Iran could produce enough weapons-grade uranium to build a nuclear bomb in as little as a month, according to a new estimate by one of the USA’s top nuclear experts.
The new assessment comes as the White House invited Senate staffers to a briefing on negotiations with Iran as it is trying to persuade Congress not to go ahead with a bill to stiffen sanctions against Iran.
“Shortening breakout times have implications for any negotiation with Iran,” stated the report by the Institute for Science and International Security. “An essential finding is that they are currently too short and shortening further.”
David Albright, president of the institute and a former inspector for the U.N. International Atomic Energy Agency, said the estimate means that Iran would have to eliminate more than half of its 19,000 centrifuges to extend the time it would take to build a bomb to six months.

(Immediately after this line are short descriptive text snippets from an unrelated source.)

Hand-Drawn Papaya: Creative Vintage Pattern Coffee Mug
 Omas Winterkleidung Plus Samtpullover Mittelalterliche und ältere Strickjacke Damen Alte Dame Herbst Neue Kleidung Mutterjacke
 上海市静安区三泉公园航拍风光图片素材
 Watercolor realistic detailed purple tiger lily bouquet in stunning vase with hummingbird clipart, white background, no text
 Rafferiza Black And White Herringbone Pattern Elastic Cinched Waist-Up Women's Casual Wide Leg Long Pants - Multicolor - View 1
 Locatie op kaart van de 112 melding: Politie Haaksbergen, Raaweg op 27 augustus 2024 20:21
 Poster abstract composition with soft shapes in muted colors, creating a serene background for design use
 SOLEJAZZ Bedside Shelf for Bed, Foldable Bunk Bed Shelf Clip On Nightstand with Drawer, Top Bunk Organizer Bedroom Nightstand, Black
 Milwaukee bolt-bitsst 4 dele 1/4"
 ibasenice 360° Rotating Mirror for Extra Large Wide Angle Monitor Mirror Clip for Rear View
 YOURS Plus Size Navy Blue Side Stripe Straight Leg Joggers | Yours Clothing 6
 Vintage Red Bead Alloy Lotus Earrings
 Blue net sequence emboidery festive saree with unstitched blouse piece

The Obama administration has said Iran is probably a year away from having enough enriched uranium to make a bomb. Requests for comment from the National Security Council and the State Department were not answered.
In the report, Albright said negotiations with Iran should focus on so-called “breakout” times, or the time required to convert low-enriched uranium to weapons-grade.
Albright, who has testified before Congress, said the negotiators should try to find ways to lengthen the breakout times and shorten the time that inspectors could detect breakout. ISIS’ analysis is based on the latest Iranian and United Nations reports on Iran’s centrifuge equipment for producing nuclear fuel and its nuclear fuel stockpiles.
Iran’s stockpile of highly-enriched uranium has nearly doubled in a year’s time and its number of centrifuges has expanded from 12,000 in 2012 to 19,000 today.
Sen. Mark Kirk, an Illinois Republican whose Senate Banking Committee is considering legislation to tighten Iran sanctions, said the report shows that Iran is expanding its nuclear capabilities under the cover of negotiations.